Everyone in our founding team had worked at global firms in emerging markets before and we brought with us a wealth of experience from our relationships with the international financial community. As a private equity investor in Africa, you need to have institutional experience, best practices and a regulatory framework that inspires confidence.
5. Is there anything you wish you knew about entrepreneurship before you got started?
A few thoughts here: how difficult it is to fundraise – keeping your focus on your investment strategy while being attuned to what investors want. But you have to keep fundraising continually, and you have to be successful in the face of market cycles. Whatever you anticipate about fundraising, it will take twice as long and cost twice as much and you don’t have the luxury of timing the market.
You also need to get the concept and the people right, and once those are in place the journey becomes sustaining and self-reinforcing. One sure thing about entrepreneurship is that you keep learning all the time. There is not a day when I say to myself, this was just another day at the office. Life as an entrepreneur in the African space is full of “if only I had known this!”.
But then you learn and, as long as you learn, you are better prepared for the next exciting challenge.
6. Name a business opportunity you would still like to pursue.
We are actively looking at a few overlooked targets and sectors. One is tech-enabled logistics. I am not talking about shared rides in urban centres, but integrated logistics, for instance, in the transport, consumer supply and natural resources industries.

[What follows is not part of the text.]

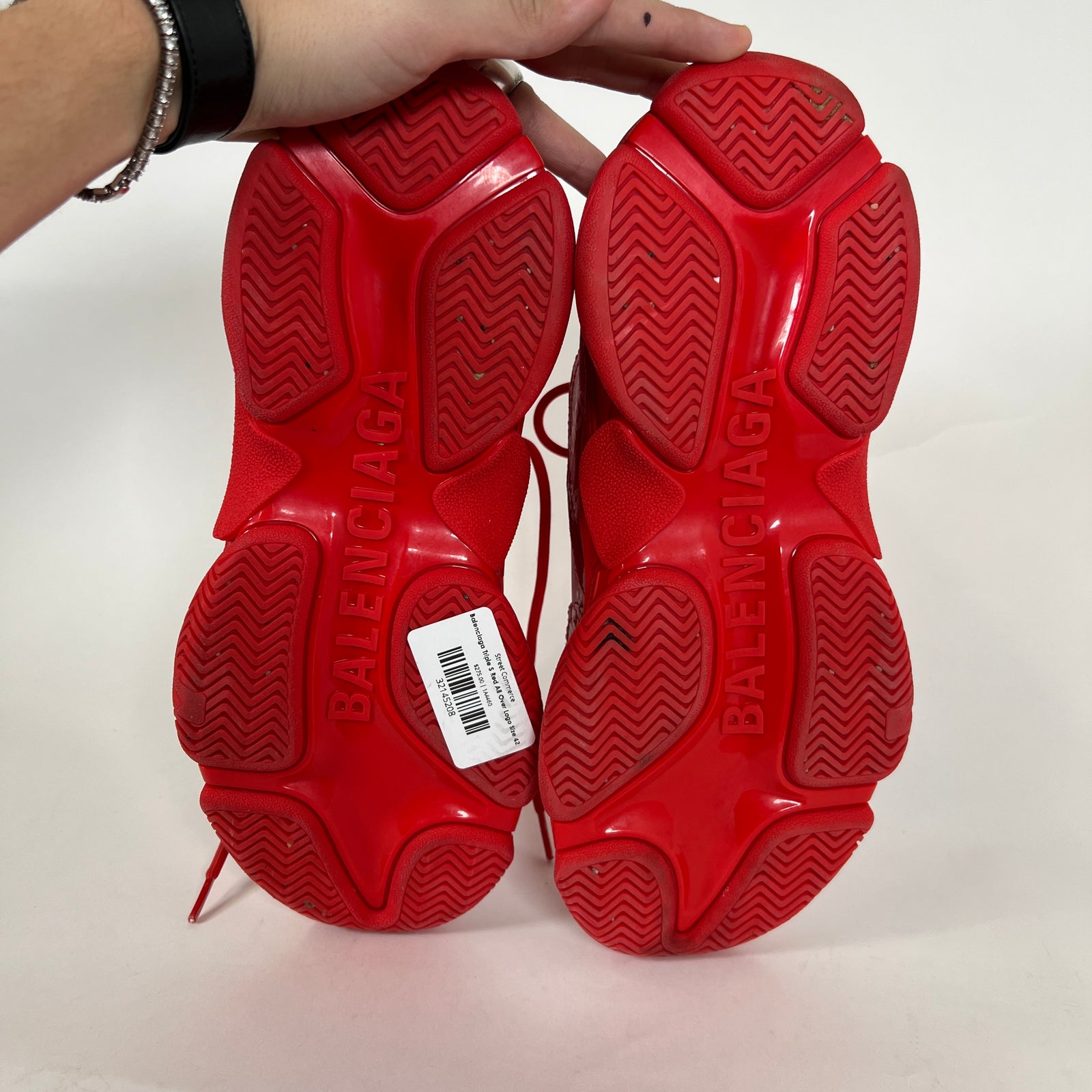 Balenciaga Triple S Red All Over Logo Size 42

Tech allows for radically better customer relationship management, constant monitoring and cashless transactions. This is a revolution that happened in Asia – and I am sure it will spread across Africa in no time. The opportunity to deploy tech in Africa is now, as we know from having invested in cellphones and cellphone companies for the past 15 years.
Tech is already fundamentally changing education and this is having huge consequences for businesses and governments alike. We are following these developments closely as we think we can play a more important role in accelerating the spread of technology in Africa.
This has already been the case in the past looking at game-changing deals such as the one we made in IHS, the biggest towerco on the continent. It helped the whole sector to mature. IHS had about 800 towers at the time we invested and now has more than 23,000 and is in the top 11 in the world.